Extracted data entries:

BEGIN

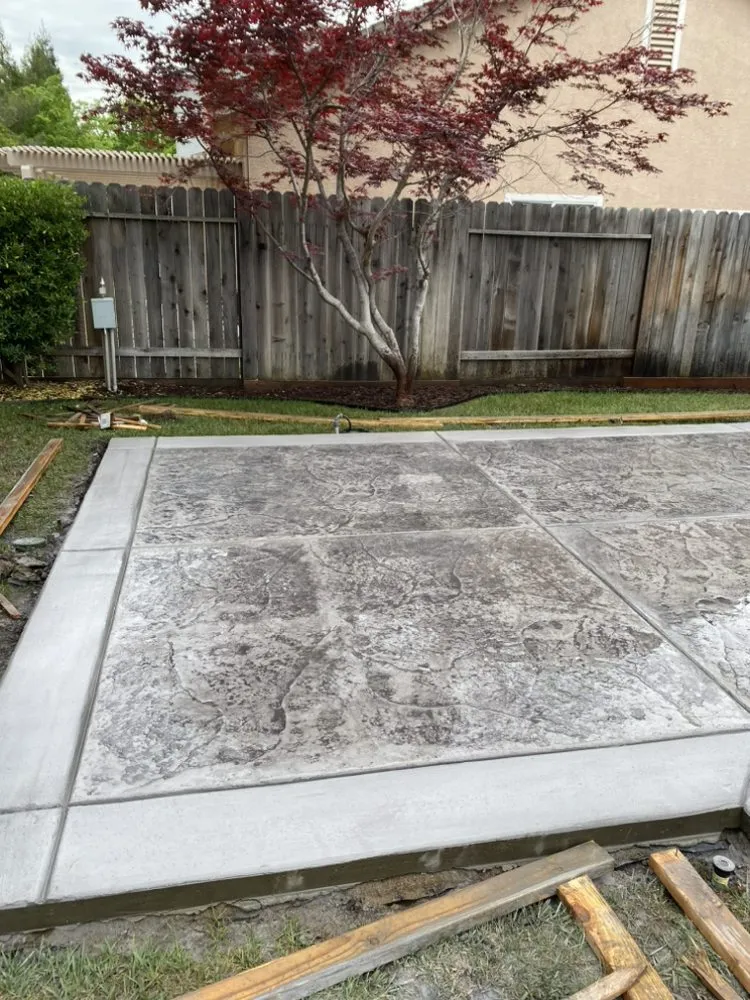 Affordable landscape installation experts serving Roseville, CA - DLD Concrete Landscaping and Fencing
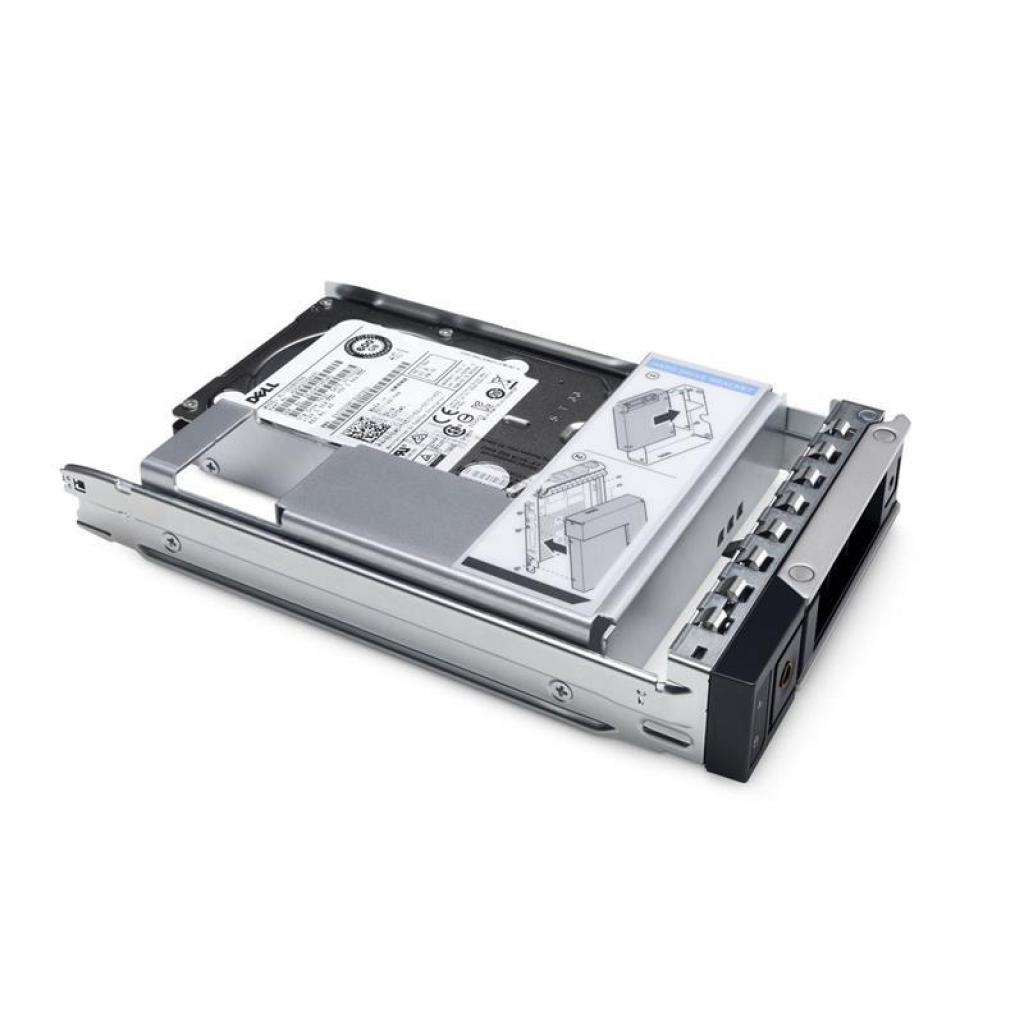 Накопичувач SSD для сервера Dell 240GB SSD SATA Mixed Use (400-BDTQ) - зображення 1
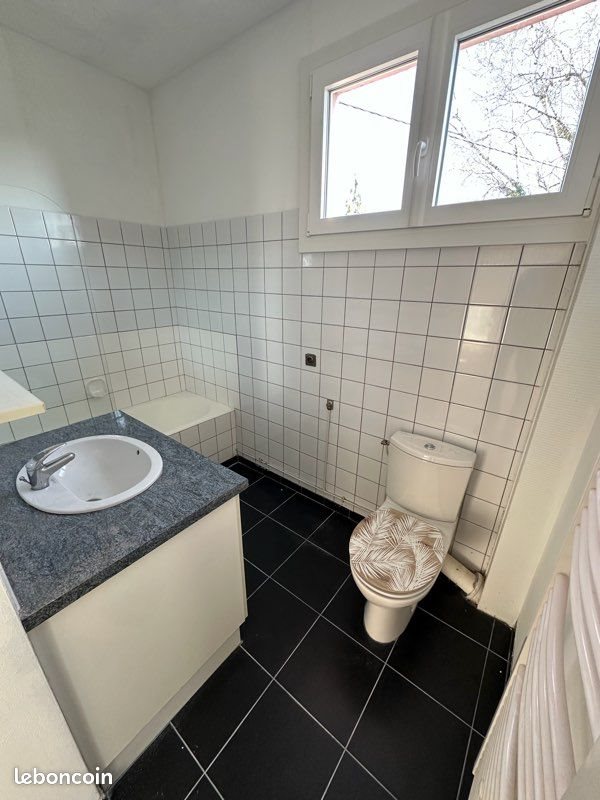 Appartement à louer, 40m², Audincourt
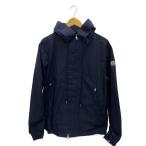 ショッピングmoncler MONCLER◆マウンテンパーカ/--/ポリエステル/NVY/無地/G10911B73700 54A91
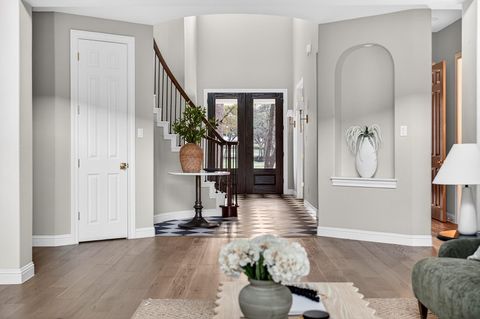 Photo of 5309 Laguna Cliff LN, Austin, TX 78734 (MLS # 3278619)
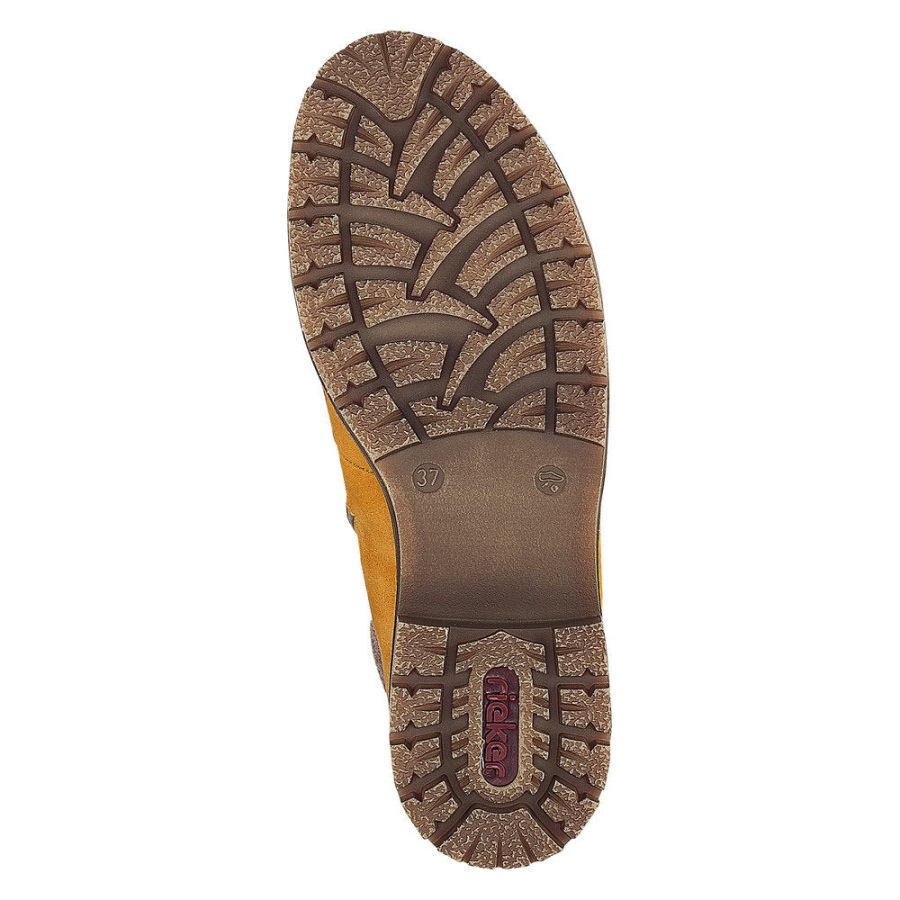 Rieker Y9131 Sabrina Hunaja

END

Extract precisely the lines beginning at the line containing "Photo of 5309" and ending at the last line of the entries above, exactly as written and with no pictures.

 Photo of 5309 Laguna Cliff LN, Austin, TX 78734 (MLS # 3278619)
 Rieker Y9131 Sabrina Hunaja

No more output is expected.